The Search for Holiness by Elisha Olivestone


         The commandment of "You shall be holy" is a positive commandment.  Many commentators, including the Rambam, hold that the purpose of this commandment is to make the laws of forbidden sexual relationships (עריות) included in a positive commandment.  The Ramban, however, does not count this Positive commandment in the Rambam's count in his Sefer Hamitzvot.  Ramban in his commentary to the Torah explains this, by saying that the Torah previously gave us prohibitions in regarding food and sexual relations.  The Torah by stating a broad principle קדושים תהיו "be holy", is telling us to sanctify ourself with that which is permitted as well as staying away from that which is prohibited.  The Ramban explains that the Torah was worried that one might overindulge in even the permitted areas.  Therefore, the Torah gave a general commandment to keep oneself holy by refraining from that which is prohibited and to even refraining from overdoing that which is permitted.  The Ramban here introduces a celebrated phrase נבל ברשות התורה, a scoundrel who operates within the technically permitted Torah rules.  Ramban writes that this pasuk forbids inappropriate behavior even if no technical violation of the Torah law is committed.

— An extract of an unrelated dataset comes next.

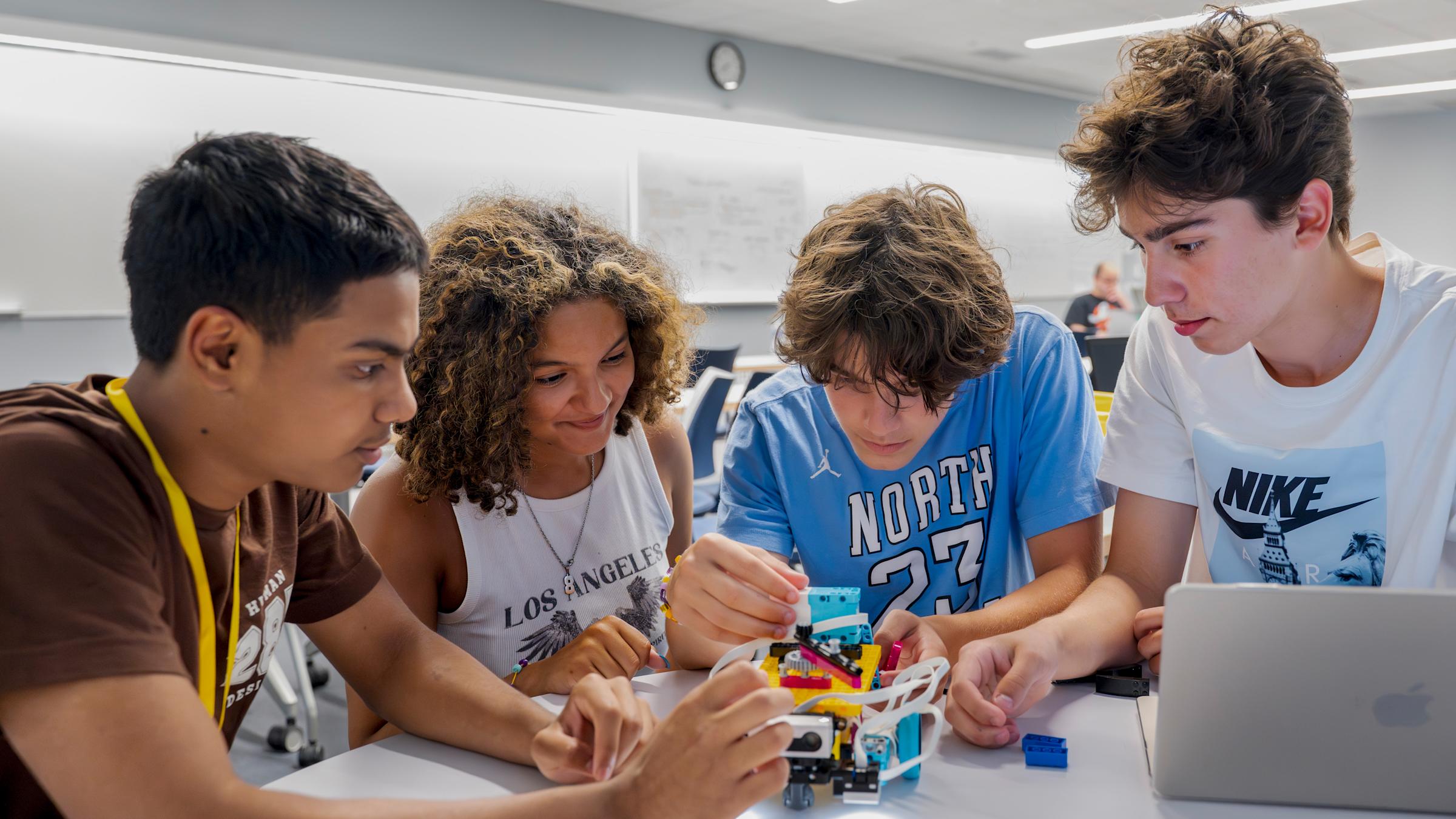 Students working together in lab on small robot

            Rashi, however, explains this commandment in a different way.  The word Kedoshim here comes to tell us to keep away from that which is prohibited only, namely עריות.  Once one is far from עריות, there is Kedusha. 

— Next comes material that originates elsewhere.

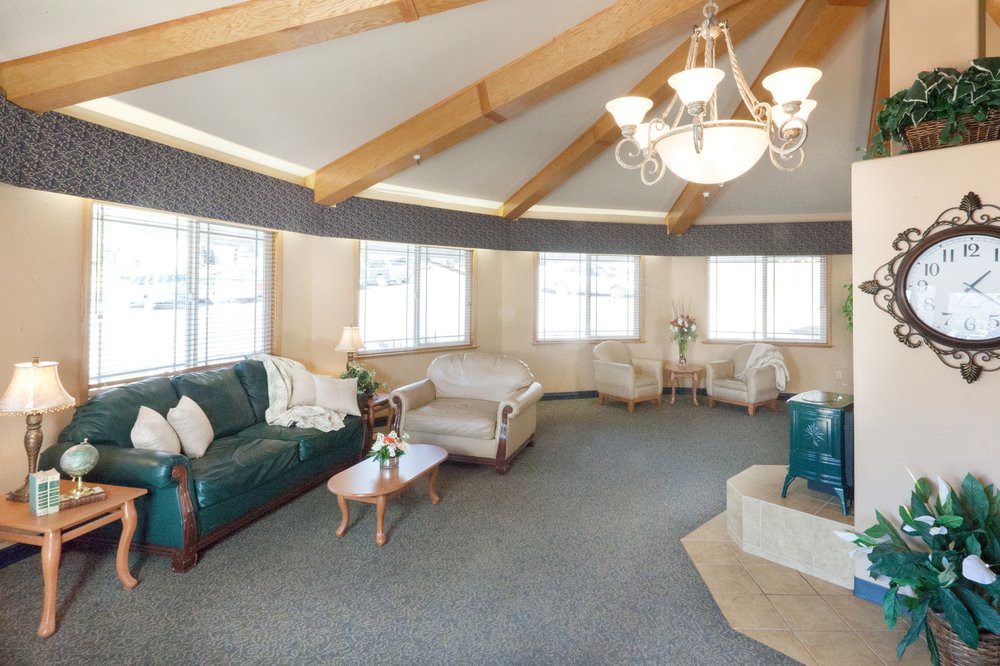 A spacious living room with a circular layout, featuring multiple sofas and chairs, a coffee table, large windows, and a chandelier.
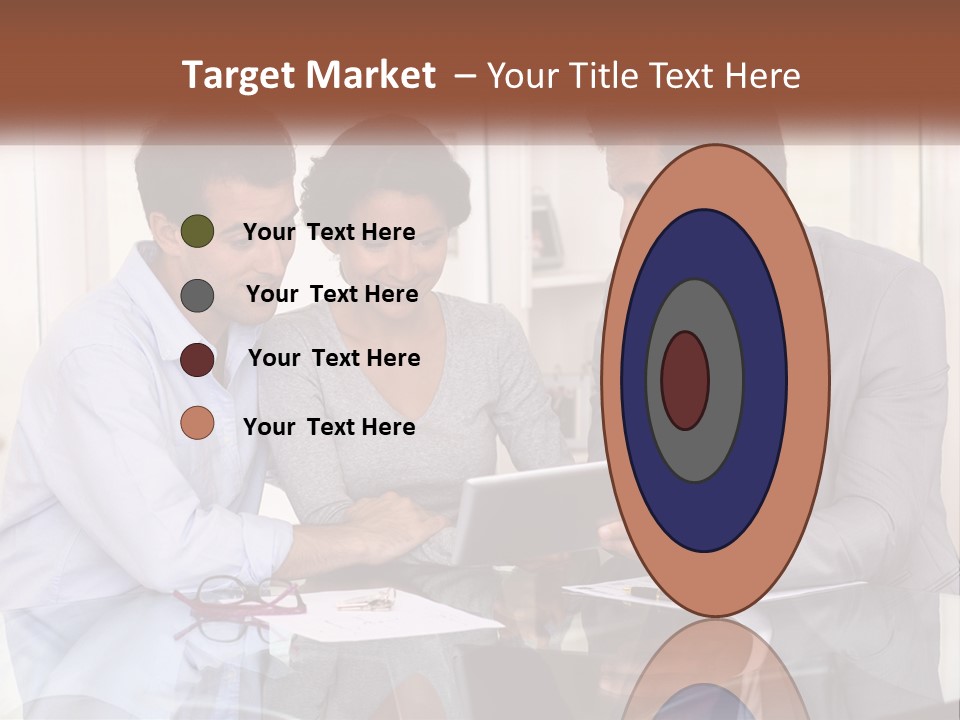 A Group Of People Sitting Around A Table Looking At A Tablet PowerPoint Template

            The Ketav VeHakabala says in regard to the concept of Kedusha, one who forbids himself from doing that which is permitted is regarded as a Chassid and not a Kadosh.  He explains that being Kadosh is not only in a spiritual sense but also in physical activities that one engages in.  This means that one should not always be struggling to find pleasure in his actions but to understand that he is observing the commandments of his creator.

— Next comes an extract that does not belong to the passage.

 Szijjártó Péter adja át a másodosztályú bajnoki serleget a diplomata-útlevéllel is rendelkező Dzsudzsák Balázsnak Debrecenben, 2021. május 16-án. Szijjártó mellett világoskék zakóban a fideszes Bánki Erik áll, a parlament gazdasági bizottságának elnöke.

            Abarbanel says, also in regard to Kedusha, that this Parsha repeats many commandments that were already listed earlier.  This was done to stress the importance of performance and awareness of Kedusha.  So important are these commandments, says Rashi, that this Parsha was recited בהקהל, in the presence of all the people of Bnai Yisrael.  By publicly reciting the laws of Kedusha, the laws are guaranteed to be observed for generations to come.  By observing these laws we become a holy nation.